Programming langauges are just ways to put together high
level commands that reduce in effect to assembler instructions.
There are two different dimensions to consider here, what I'd call vertical growth (languages build up over time from one generation to the next) and horizontal growth (syntactic improvements and reduction in complexity.)
A good explanation of vertical change is seen here: http://web.sxu.edu/rogers/sys/generations.html
And a nice, yet incomplete, illustration of horizontal change it here: http://oreilly.com/news/graphics/prog_lang_poster.pdf
I have been doing object-oriented programming for a few years now, and I have not done much functional programming. I have an interest in flight simulators, and am curious about the functional programming aspect of Lisp. Flight simulators or any other real world simulator makes sense to me in an object-oriented paradigm.
Here are my questions:
Is object oriented the best way to represent a real world simulation domain?
I know that Common Lisp has CLOS (OO for lisp), but my question is really about writing a flight simulator in a functional language.

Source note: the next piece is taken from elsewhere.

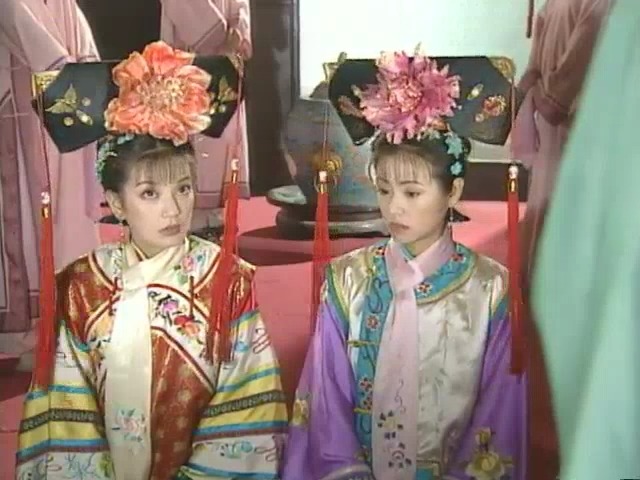 [황제의딸2] 10. 술에 취한 제비와 자미 | 인스티즈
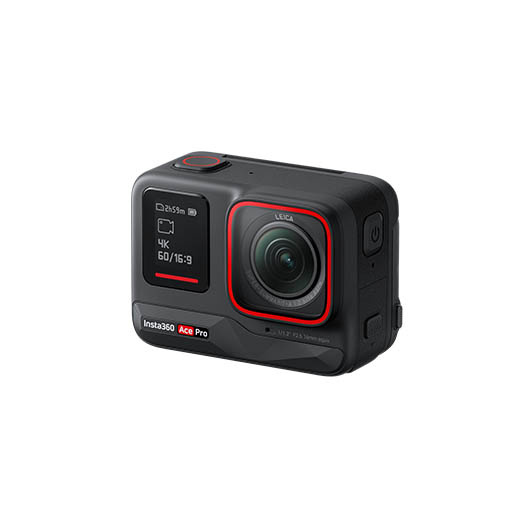 Caméra Insta360 Ace Pro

So if you were going to write it in Lisp, would you choose to use CLOS or write it in a functional manner?
Does anyone have any thoughts on coding a flight simulator in lisp or any functional language?
UPDATE 11/8/12 - A similar SO question for those interested -> How does functional programming apply to simulations?
It's a common mistake to think of "Lisp" as a functional language. Really it is best thought of as a family of languages, probably, but these days when people say Lisp they usually mean Common Lisp.
Common Lisp allows functional programming, but it isn't a functional language per se. Rather it is a general purpose language. Scheme is a much smaller variant, that is more functional in orientation, and of course there are others.
As for your question is it a good choice? That really depends on your plans. Common Lisp particularly has some real strengths for this sort of thing. It's both interactive and introspective at a level you usually see in so-called scripting languages, making it very quick to develop in. At the same time its compiled and has efficient compilers, so you can expect performance in the same ballpark as other efficient compilers (with a factor of two of c is typical ime). While a large language, it has a much more consistent design than things like c++, and the metaprogramming capabilities can make very clean, easy to understand code for your particular application. If you only look at these aspects
common lisp looks amazing.
However, there are downsides. The community is small, you won't find many people to help if that's what you're looking for. While the built in library is large, you won't find as many 3rd party libraries, so you may end up writing more of it from scratch. Finally, while it's by no means a walled garden, CL doesn't have the kind of smooth integration with foreign libraries that say python does. Which doesn't mean you can't call c code, there are nice tools for this.
By they way, CLOS is about the most powerful OO system I can think of, but it is quite a different approach if you're coming from a mainstream c++/java/c#/etc. OO background (yes, they differ, but beyond single vs. multiple inh. not that much) you may find it a bit strange at first, almost turned inside out.
If you go this route, you are going to have to watch for some issues with performance of the actual rendering pipeline, if you write that yourself with CLOS. The class system has incredible runtime flexibility (i.e. updating class definitions at runtime not via monkey patching etc. but via actually changing the class and updating instances) however you pay some dispatch cost on this.
For what it's worth, I've used CL in the past for research code requiring numerical efficiency, i.e. simulations of a different sort. It works well for me. In that case I wasn't worried about using existing code -- it didn't exist, so I was writing pretty much everything from scratch anyway.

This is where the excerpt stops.